Exercise brief:
An exact repetition of all the entries that follow is required.
··········
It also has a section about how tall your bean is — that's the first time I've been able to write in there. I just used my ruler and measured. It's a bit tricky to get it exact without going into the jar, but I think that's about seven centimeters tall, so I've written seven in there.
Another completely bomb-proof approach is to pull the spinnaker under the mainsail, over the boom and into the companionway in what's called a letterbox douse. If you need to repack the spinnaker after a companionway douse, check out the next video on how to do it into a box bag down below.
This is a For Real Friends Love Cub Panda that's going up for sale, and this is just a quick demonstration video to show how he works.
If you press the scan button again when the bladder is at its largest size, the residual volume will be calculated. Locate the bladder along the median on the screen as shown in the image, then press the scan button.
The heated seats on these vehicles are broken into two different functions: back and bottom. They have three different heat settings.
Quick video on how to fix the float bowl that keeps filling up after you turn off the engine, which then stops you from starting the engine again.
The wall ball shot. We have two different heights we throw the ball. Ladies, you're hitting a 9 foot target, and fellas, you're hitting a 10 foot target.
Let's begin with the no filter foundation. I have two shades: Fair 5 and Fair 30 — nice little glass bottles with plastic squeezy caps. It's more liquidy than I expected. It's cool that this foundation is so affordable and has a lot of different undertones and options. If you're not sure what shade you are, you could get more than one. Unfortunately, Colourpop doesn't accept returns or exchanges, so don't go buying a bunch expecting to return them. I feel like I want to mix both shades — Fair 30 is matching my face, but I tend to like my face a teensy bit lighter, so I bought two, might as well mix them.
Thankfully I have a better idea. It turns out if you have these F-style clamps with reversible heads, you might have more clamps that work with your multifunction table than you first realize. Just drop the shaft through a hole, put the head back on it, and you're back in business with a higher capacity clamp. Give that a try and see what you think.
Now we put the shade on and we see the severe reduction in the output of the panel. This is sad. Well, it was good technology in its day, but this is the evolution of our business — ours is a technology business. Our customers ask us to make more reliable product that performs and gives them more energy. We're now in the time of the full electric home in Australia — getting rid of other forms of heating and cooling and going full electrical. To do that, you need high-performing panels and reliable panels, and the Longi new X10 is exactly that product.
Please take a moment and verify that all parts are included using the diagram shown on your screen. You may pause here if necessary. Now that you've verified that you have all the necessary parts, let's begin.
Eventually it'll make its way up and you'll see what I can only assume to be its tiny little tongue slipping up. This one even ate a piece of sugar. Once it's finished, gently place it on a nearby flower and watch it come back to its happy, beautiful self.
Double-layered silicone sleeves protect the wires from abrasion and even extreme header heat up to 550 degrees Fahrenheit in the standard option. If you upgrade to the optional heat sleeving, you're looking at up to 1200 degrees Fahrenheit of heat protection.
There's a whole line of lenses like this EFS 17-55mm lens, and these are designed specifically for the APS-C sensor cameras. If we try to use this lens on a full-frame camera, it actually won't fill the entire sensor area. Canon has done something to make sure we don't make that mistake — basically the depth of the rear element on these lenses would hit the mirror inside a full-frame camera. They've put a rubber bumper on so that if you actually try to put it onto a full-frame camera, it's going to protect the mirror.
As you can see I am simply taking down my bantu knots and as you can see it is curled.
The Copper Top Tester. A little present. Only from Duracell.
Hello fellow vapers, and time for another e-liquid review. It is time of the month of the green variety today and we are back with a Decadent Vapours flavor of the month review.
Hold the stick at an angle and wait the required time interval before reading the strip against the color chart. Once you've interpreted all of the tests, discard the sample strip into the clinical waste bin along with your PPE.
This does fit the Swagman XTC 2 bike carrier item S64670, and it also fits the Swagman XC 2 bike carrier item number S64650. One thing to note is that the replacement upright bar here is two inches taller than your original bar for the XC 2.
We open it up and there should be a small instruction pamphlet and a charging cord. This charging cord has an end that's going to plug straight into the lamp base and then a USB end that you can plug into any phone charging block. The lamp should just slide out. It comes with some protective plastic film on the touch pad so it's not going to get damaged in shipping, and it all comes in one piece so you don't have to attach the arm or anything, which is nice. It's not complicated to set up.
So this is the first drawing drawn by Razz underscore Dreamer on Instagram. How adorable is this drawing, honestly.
··········
Answer to the problem:
It also has a section about how tall your bean is — that's the first time I've been able to write in there. I just used my ruler and measured. It's a bit tricky to get it exact without going into the jar, but I think that's about seven centimeters tall, so I've written seven in there.
Another completely bomb-proof approach is to pull the spinnaker under the mainsail, over the boom and into the companionway in what's called a letterbox douse. If you need to repack the spinnaker after a companionway douse, check out the next video on how to do it into a box bag down below.
This is a For Real Friends Love Cub Panda that's going up for sale, and this is just a quick demonstration video to show how he works.
If you press the scan button again when the bladder is at its largest size, the residual volume will be calculated. Locate the bladder along the median on the screen as shown in the image, then press the scan button.
The heated seats on these vehicles are broken into two different functions: back and bottom. They have three different heat settings.
Quick video on how to fix the float bowl that keeps filling up after you turn off the engine, which then stops you from starting the engine again.
The wall ball shot. We have two different heights we throw the ball. Ladies, you're hitting a 9 foot target, and fellas, you're hitting a 10 foot target.
Let's begin with the no filter foundation. I have two shades: Fair 5 and Fair 30 — nice little glass bottles with plastic squeezy caps. It's more liquidy than I expected. It's cool that this foundation is so affordable and has a lot of different undertones and options. If you're not sure what shade you are, you could get more than one. Unfortunately, Colourpop doesn't accept returns or exchanges, so don't go buying a bunch expecting to return them. I feel like I want to mix both shades — Fair 30 is matching my face, but I tend to like my face a teensy bit lighter, so I bought two, might as well mix them.
Thankfully I have a better idea. It turns out if you have these F-style clamps with reversible heads, you might have more clamps that work with your multifunction table than you first realize. Just drop the shaft through a hole, put the head back on it, and you're back in business with a higher capacity clamp. Give that a try and see what you think.
Now we put the shade on and we see the severe reduction in the output of the panel. This is sad. Well, it was good technology in its day, but this is the evolution of our business — ours is a technology business. Our customers ask us to make more reliable product that performs and gives them more energy. We're now in the time of the full electric home in Australia — getting rid of other forms of heating and cooling and going full electrical. To do that, you need high-performing panels and reliable panels, and the Longi new X10 is exactly that product.
Please take a moment and verify that all parts are included using the diagram shown on your screen. You may pause here if necessary. Now that you've verified that you have all the necessary parts, let's begin.
Eventually it'll make its way up and you'll see what I can only assume to be its tiny little tongue slipping up. This one even ate a piece of sugar. Once it's finished, gently place it on a nearby flower and watch it come back to its happy, beautiful self.
Double-layered silicone sleeves protect the wires from abrasion and even extreme header heat up to 550 degrees Fahrenheit in the standard option. If you upgrade to the optional heat sleeving, you're looking at up to 1200 degrees Fahrenheit of heat protection.
There's a whole line of lenses like this EFS 17-55mm lens, and these are designed specifically for the APS-C sensor cameras. If we try to use this lens on a full-frame camera, it actually won't fill the entire sensor area. Canon has done something to make sure we don't make that mistake — basically the depth of the rear element on these lenses would hit the mirror inside a full-frame camera. They've put a rubber bumper on so that if you actually try to put it onto a full-frame camera, it's going to protect the mirror.
As you can see I am simply taking down my bantu knots and as you can see it is curled.
The Copper Top Tester. A little present. Only from Duracell.
Hello fellow vapers, and time for another e-liquid review. It is time of the month of the green variety today and we are back with a Decadent Vapours flavor of the month review.
Hold the stick at an angle and wait the required time interval before reading the strip against the color chart. Once you've interpreted all of the tests, discard the sample strip into the clinical waste bin along with your PPE.
This does fit the Swagman XTC 2 bike carrier item S64670, and it also fits the Swagman XC 2 bike carrier item number S64650. One thing to note is that the replacement upright bar here is two inches taller than your original bar for the XC 2.
We open it up and there should be a small instruction pamphlet and a charging cord. This charging cord has an end that's going to plug straight into the lamp base and then a USB end that you can plug into any phone charging block. The lamp should just slide out. It comes with some protective plastic film on the touch pad so it's not going to get damaged in shipping, and it all comes in one piece so you don't have to attach the arm or anything, which is nice. It's not complicated to set up.
So this is the first drawing drawn by Razz underscore Dreamer on Instagram. How adorable is this drawing, honestly.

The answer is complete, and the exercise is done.